→ Exercise aim
Using the data below, set down every line from the one containing "Các Tiêu Chuẩn" through the one containing "2012 Mazda Cx-7", inclusive and unchanged. Pictures are to be skipped.

The data START

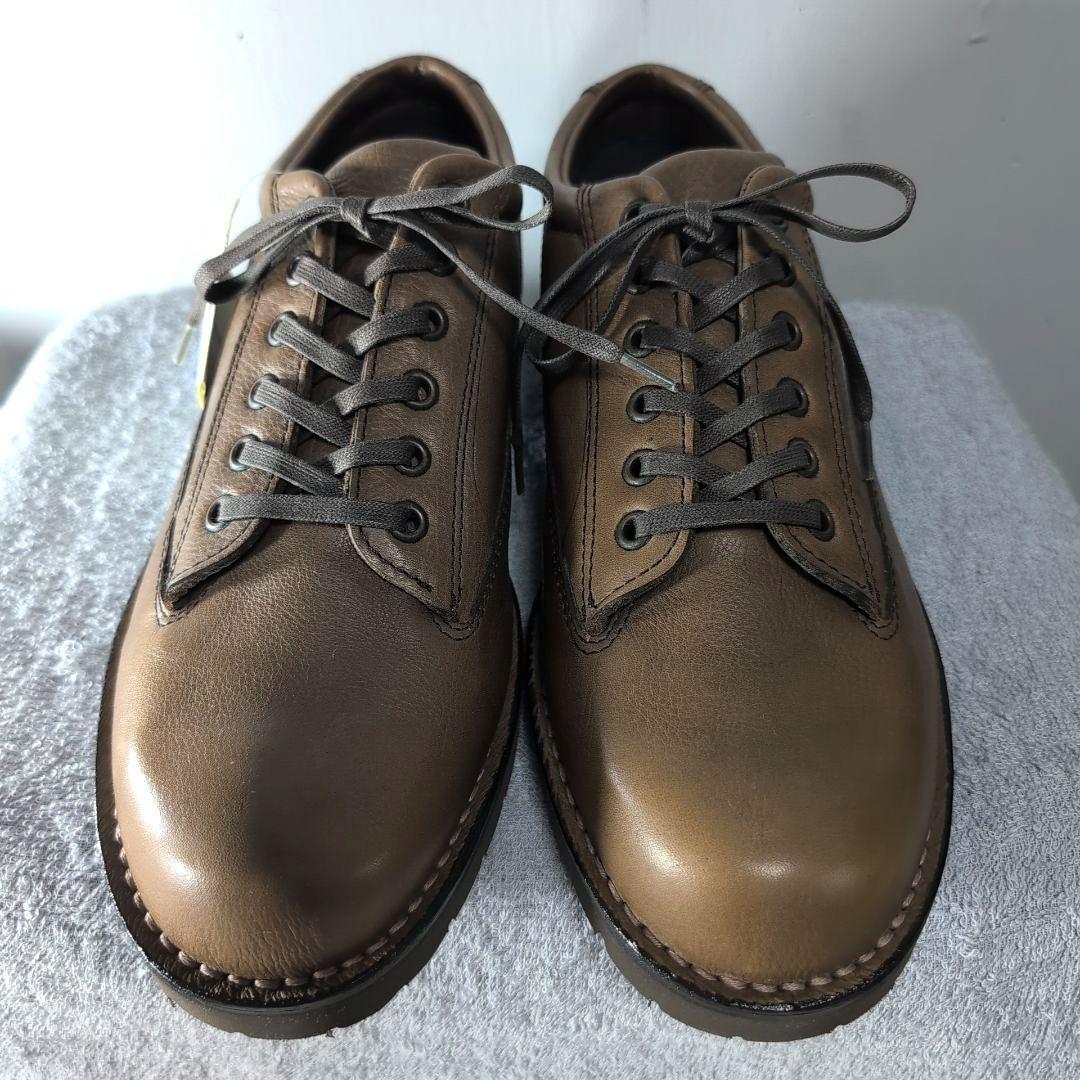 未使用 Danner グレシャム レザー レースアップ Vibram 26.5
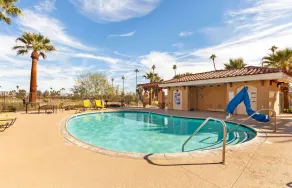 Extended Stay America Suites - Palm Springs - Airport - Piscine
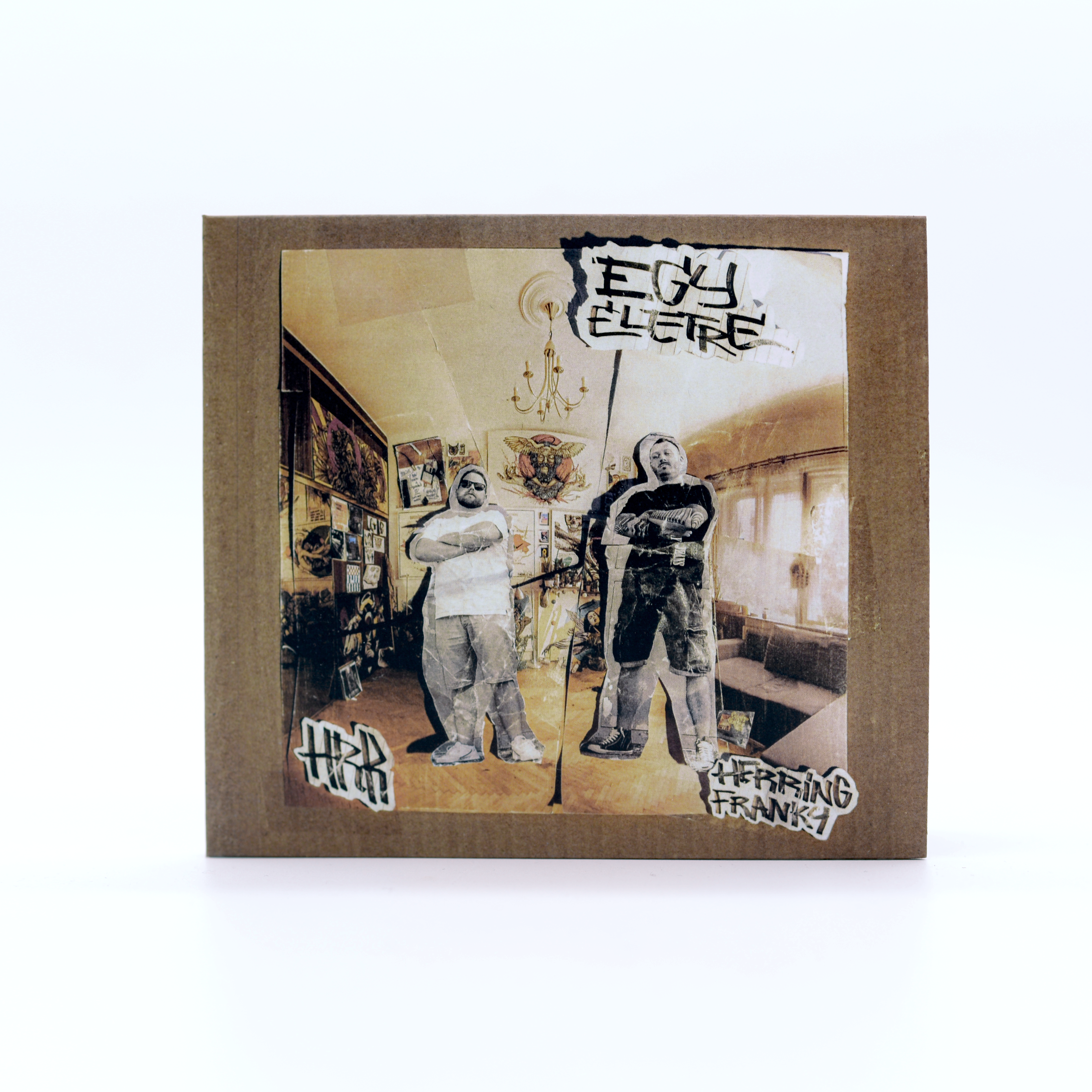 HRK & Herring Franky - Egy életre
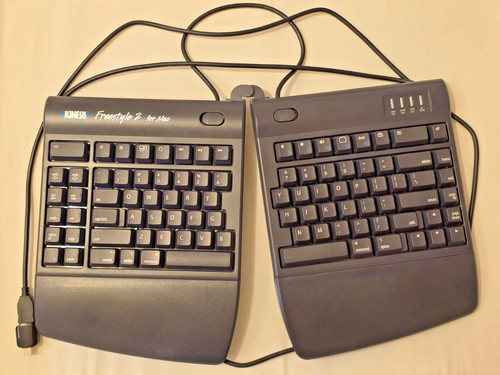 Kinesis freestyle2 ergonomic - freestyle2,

The data END
The data START

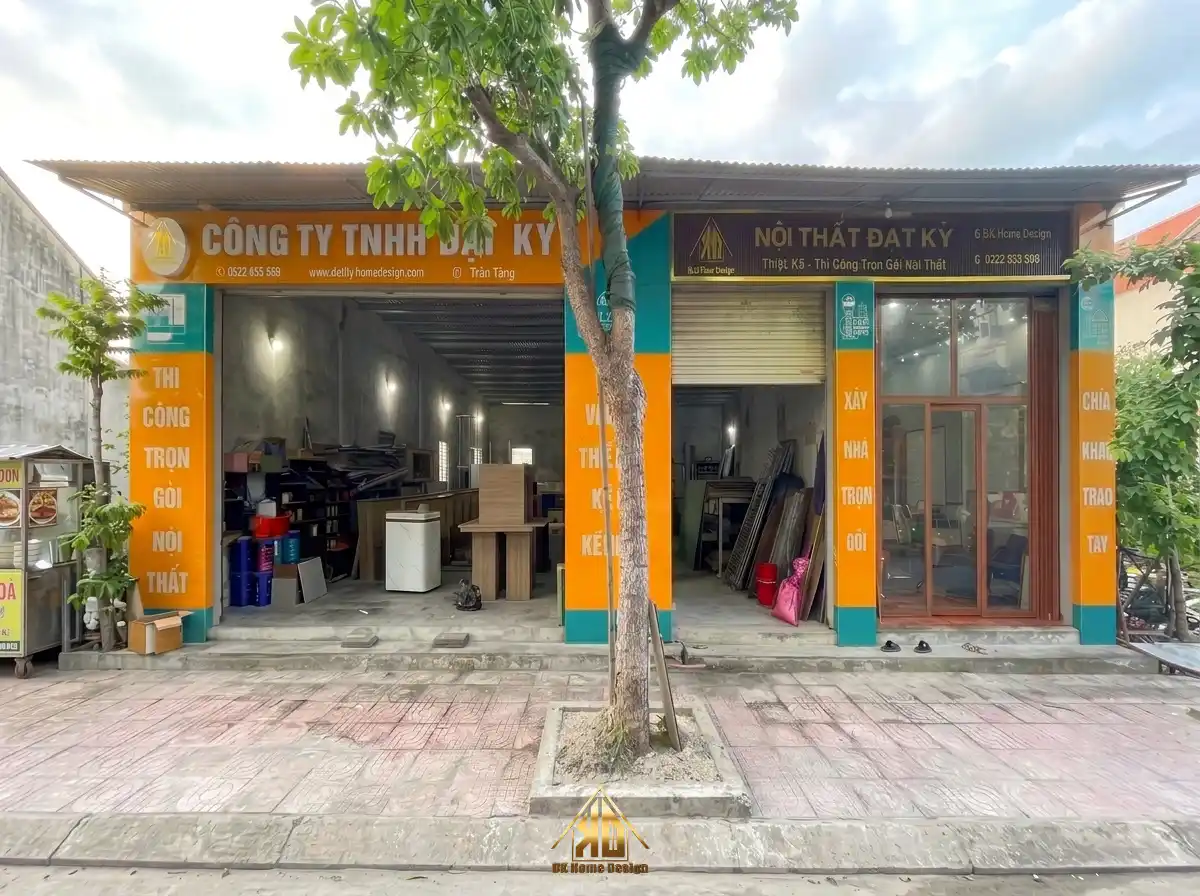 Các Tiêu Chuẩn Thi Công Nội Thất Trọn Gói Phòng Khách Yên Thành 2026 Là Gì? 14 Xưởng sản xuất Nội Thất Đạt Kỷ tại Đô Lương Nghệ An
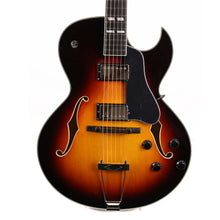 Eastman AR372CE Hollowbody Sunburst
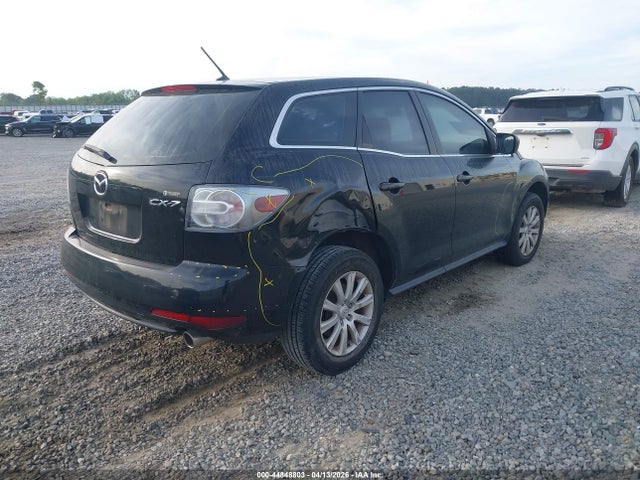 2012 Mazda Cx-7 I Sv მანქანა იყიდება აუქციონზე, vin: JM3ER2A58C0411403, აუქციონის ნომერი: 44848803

The data END

→ Exercise result
 Các Tiêu Chuẩn Thi Công Nội Thất Trọn Gói Phòng Khách Yên Thành 2026 Là Gì? 14 Xưởng sản xuất Nội Thất Đạt Kỷ tại Đô Lương Nghệ An
 Eastman AR372CE Hollowbody Sunburst
 2012 Mazda Cx-7 I Sv მანქანა იყიდება აუქციონზე, vin: JM3ER2A58C0411403, აუქციონის ნომერი: 44848803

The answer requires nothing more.